Sunday, April 13, 2014

Guttural noises and other projects

I spent far too many days making hideous sounds and smells with various grinding, cutting, chiseling, routing, and burning tools. The goal was to build functioning gutters around my hatches so that I can actually persuade the lids to keep the water [mostly] out of the bilge.  I was able to achieve my goal with only a minimum of structural degradation of the boat.

There is a good exhibit here of boat archaeology. Inside the hatch you can see some of the original red from the 1972 paint job. And fifty shades of gray from subsequent attempts to cover up that red. All sorts of interesting colors pop out once you get grinding. 
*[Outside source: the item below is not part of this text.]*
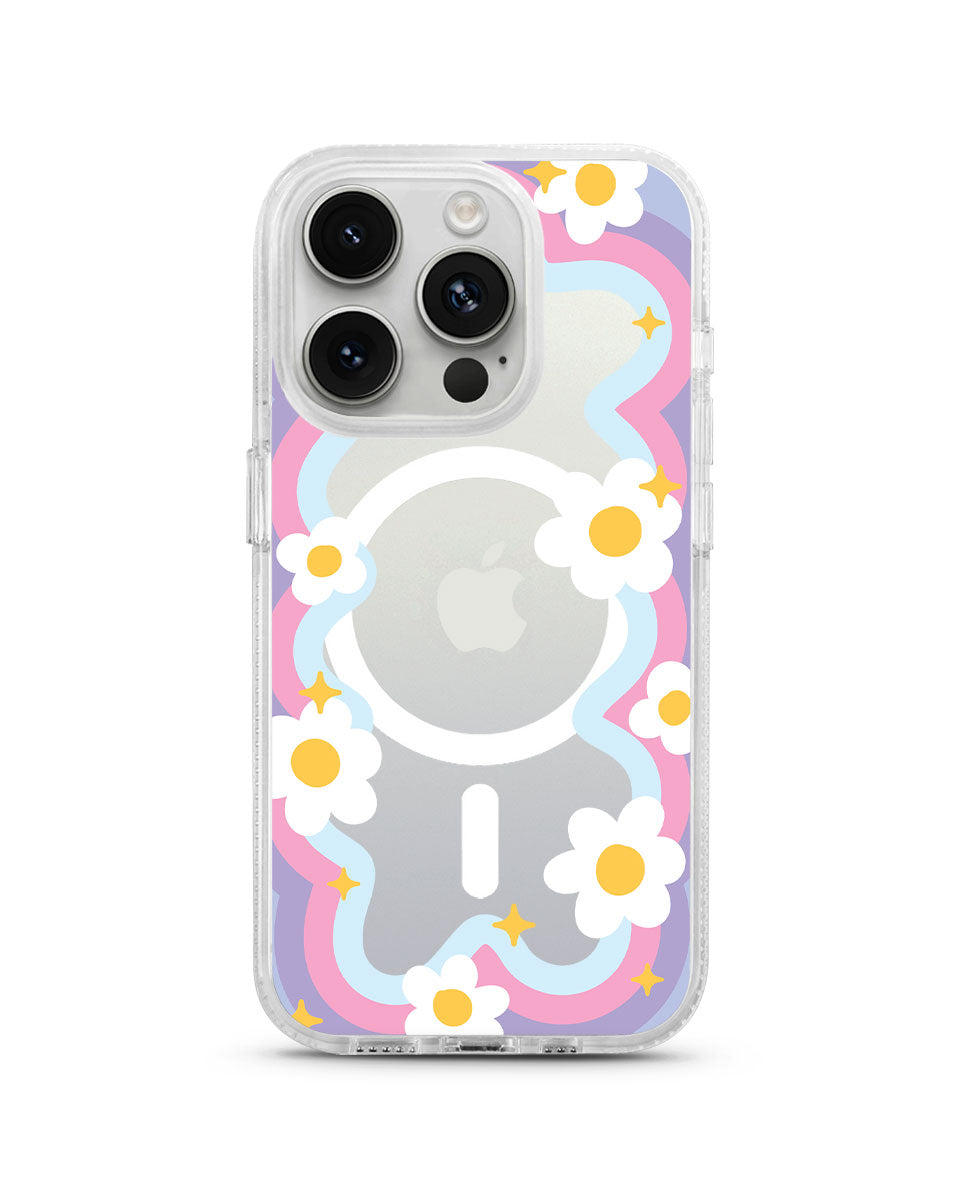 MAGSAFE CLOUD CASE - TWINKLE LITTLE DAISY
Here Roy is helping me remedy a problem--where the sloping seat back and the vertical bulkhead no longer meet due to me cutting away their junction to make a gutter. So we are coating a wedge of cedar with epoxy to implant between the two pieces of plywood.


We tied strings through the stick beforehand, so that once we jammed it down into the cavity, we could pull it back up into place.


And blast a couple finish nails into it while the epoxy kicks.


Then squeeze the bejeezus out of it. From what I can tell, this actually worked. Wonders never cease.


Then, once all the new gutters were cut to depth, we glassed them so the water might want to go out into the main boat were it can get bailed out, instead of drizzling down into the hatches.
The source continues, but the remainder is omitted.